The 6PM news report opened with a few seconds of Zuckerberg saying he thought the government was blowing it in this space, then another few words from Zoe Lofgren talking about the NSA putting American business at a disadvantage. (Do ya think?!)

Then there was a sudden 180° shift into hard polemics, with a snotty British professor opining that it was all the companies’ fault because they were sucking up the information, and the NSA wouldn’t come after it if the companies weren’t collecting it, would they? There was some more yammering about hypocrisy, then they went to the next story.

So what’s wrong with that? · Indeed, most (not all) of the RGS companies track a whole lot of information about a whole lot of people, and use it to help sell ads and make money.

So, that granted:

  • What about, you know, the issues? The light cast by the Snowden documents has revealed an egregiously intrusive snooping regime that contravenes what a lot of us understood our constitutions to say. Could the coverage at least acknowledge that this is seen by many as a problem?

  • News flash: A lot of the information that’s useful in selling advertising (clickstream, search terms, likes) is irrelevant to the spooks. They want to know whom you’re talking to and what you’re saying; everything else is secondary.

  • These tax-funded banditos put taps in privately-owned fiber trunks between data centers to pull out raw application data with no regard to who or what it was about.

    By contrast, every one of the RGS companies has published a privacy policy and can expect litigation if they don’t keep those promises; or if the policy turns out to be inadequate in some jurisdiction. Where’s the NSA’s privacy policy?! (Ha ha, kidding).
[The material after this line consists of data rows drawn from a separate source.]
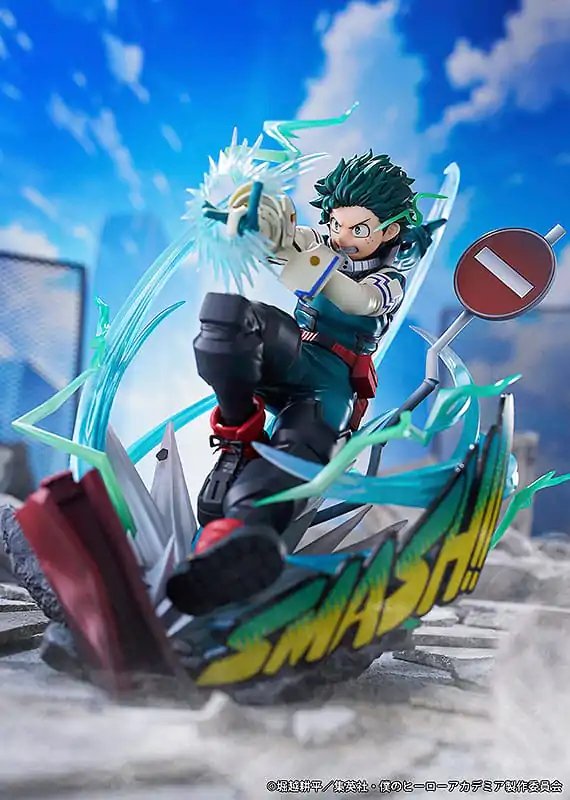 My Hero Academia PVC Socha Izuku Midoriya: Deku Ver. 25 cm produktová fotografia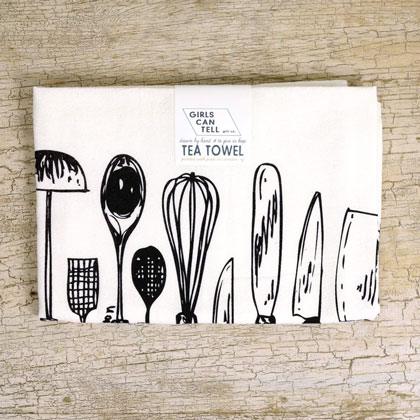 Tea Towel: Utensili
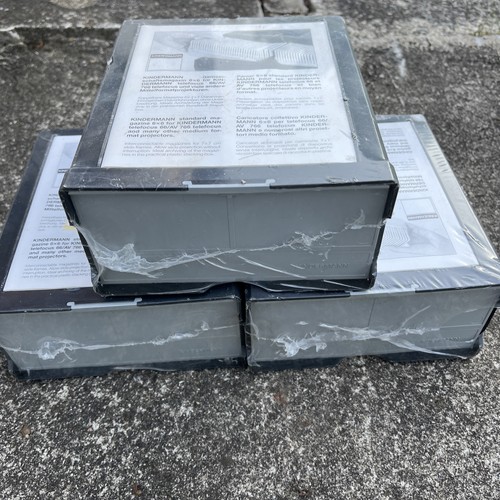 Kindermann diamagazin 6x6 - diamagazin, 3er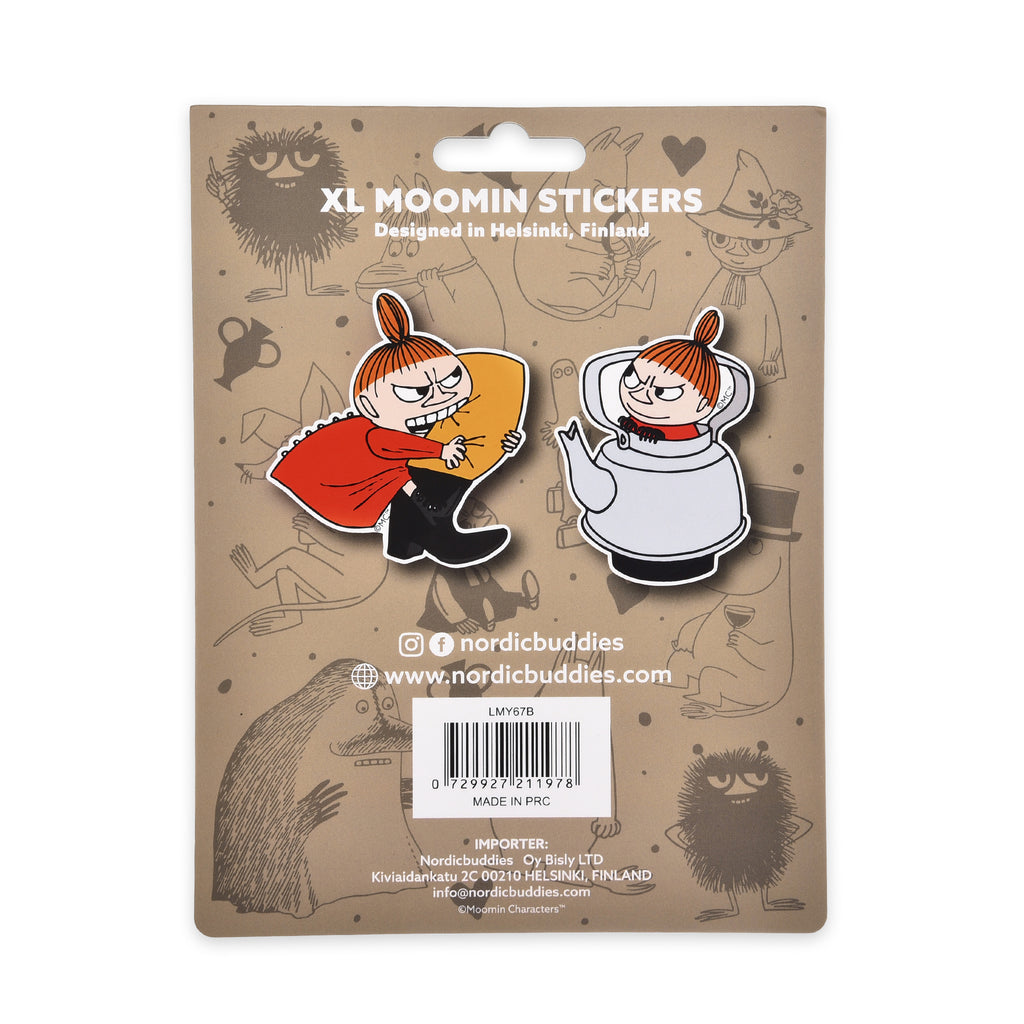 リトルミイ かみつき ステッカーセット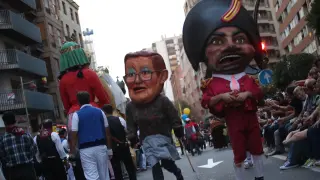 Desfile del Pregón de las Fiestas del Pilar 2018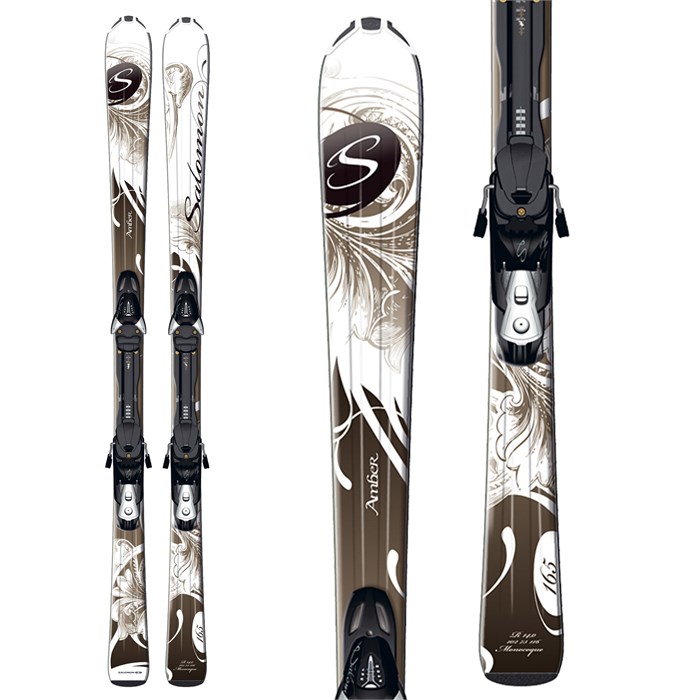 Salomon Origins Amber Skis L9 - Women's 2011 |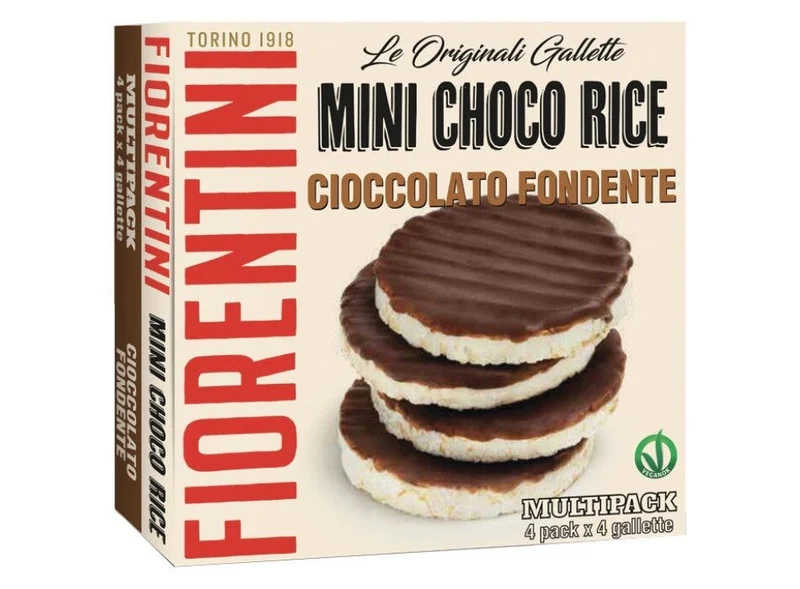 Fiorentini Mini Choco Rice Cioccolato fondente (4x16g)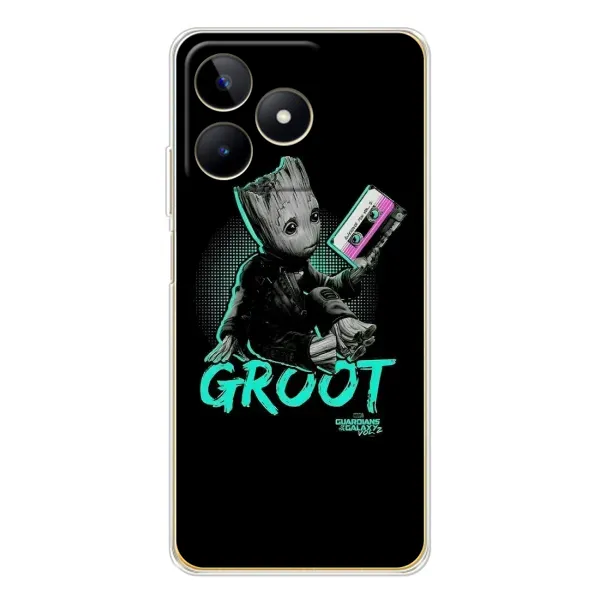 Чехол с рисунком «Groot» для Realme Note 60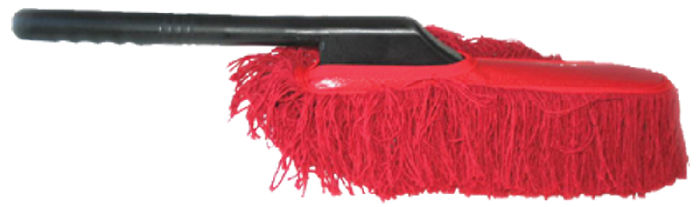 Detail: Chevy Parts » Car Duster -Cotton W/Plastic Handle and Carry Case  *The Original Calif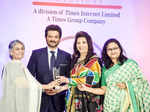 Anil Kapoor, Abha Dharampal, Rakhi Mukherjee and Indu Shahani 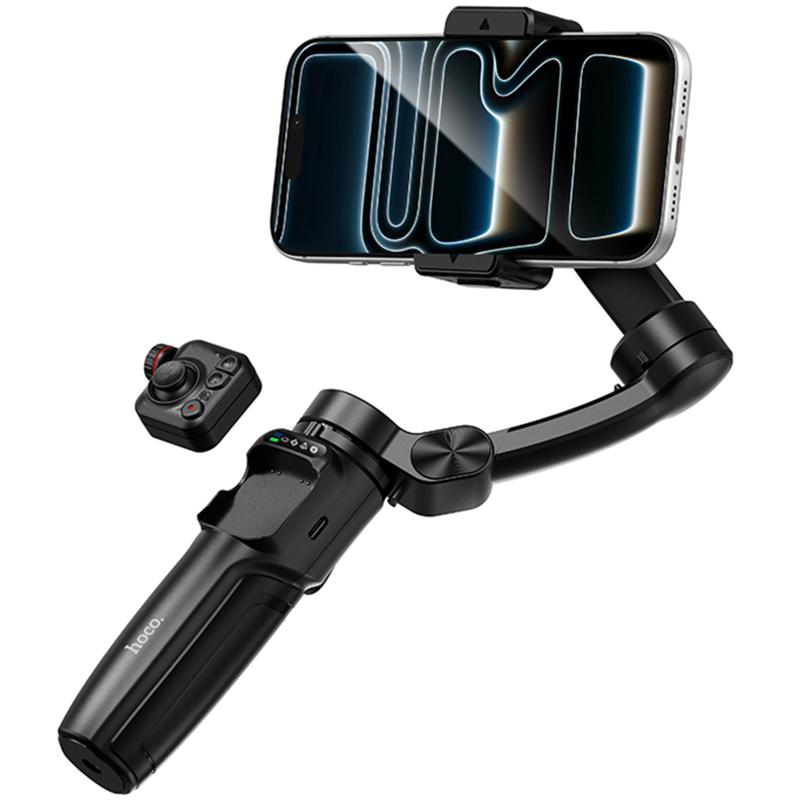 Стабілізатор Hoco K91 Support 3-axis smart gimbal Black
  • There were some other news angles you think would be interesting. First of all, how did this get wrangled? Getting the egomaniacs on all these exec teams to line up and play nice is a hell of an achievement by, well, someone; who? Also, why isn’t Amazon there? Also, why is Apple’s logo weirdly missing from the headline space? Those are interesting, but they’d have required reporting, not just scraping up a random academic to shovel world-weary cynicism.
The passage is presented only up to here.